Just to expand a little on Don's answers, ICE is looking for areas that are opaque to infrared radiation. The dyes that form the image in colour films and chromogenic B&W films (and the stain in stained B&W films) transmit IR - that's why an unexposed, developed piece of colour reversal film can be used as an IR filter*. Silver and most dust is opaque to IR - though I guess that some dust transmits some IR. ICE 'thinks' that silver is dust, therefore.
Walter's comment about scanning in RGB might be a slightly misremembered reference to GEM (the grain reduction process that is in the ICE bundles).
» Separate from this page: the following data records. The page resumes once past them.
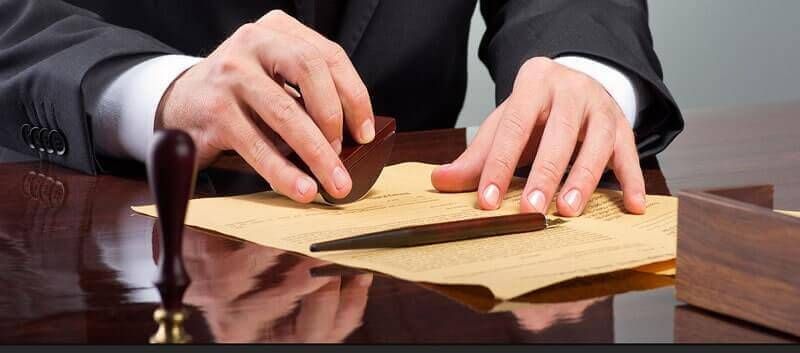 Un hombre con traje está estampando un trozo de papel.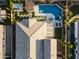 Birds eye view of a well-maintained home featuring a pristine pool, green space, and outdoor living area at 12531 W Tuckey Ln, Glendale, AZ 85307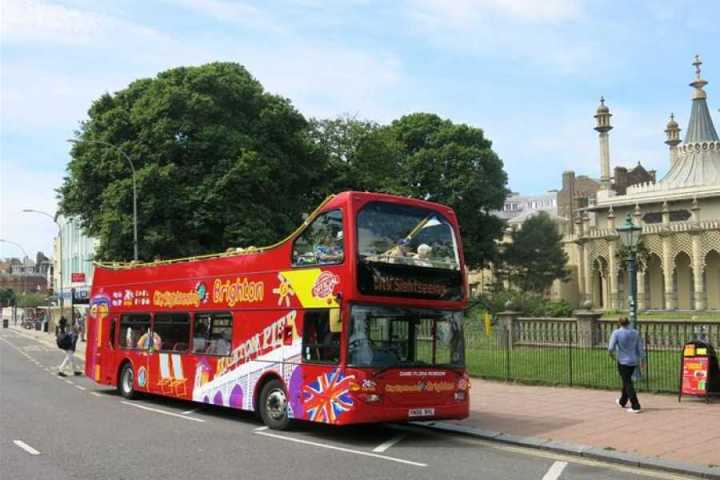 a double decker bus driving down a street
That works with silver-image B&W when scanned in RGB, according to ASF/Kodak ADC:
"Q3: Can Black & White film be used with DIGITAL GEM Technology?
A3: Traditional silver-halide and chromogenic (C41 process) Black & White film can be used on DIGITAL GEM Technology enabled scanners. When scanning these films for DIGITAL GEM Technology implementation, the film must be scanned as a color image. After DIGITAL GEM Technology processing, the color image may be converted to Black & White using an image editor.
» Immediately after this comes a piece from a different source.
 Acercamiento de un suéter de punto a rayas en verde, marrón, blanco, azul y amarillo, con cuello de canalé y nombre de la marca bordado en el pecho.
Personally I don't like what GEM does to the appearance of silver-image film grain.
Here's a little test I did with ICE4 on some filthy Kodachrome 64:
Dead Link Removed
Notice that the ice-axe strap detail (just below and to the right of the axe's head) survived ICE.
*And why most colour filters, including the RGB ones of a Bayer array, pass IR even though they may block red.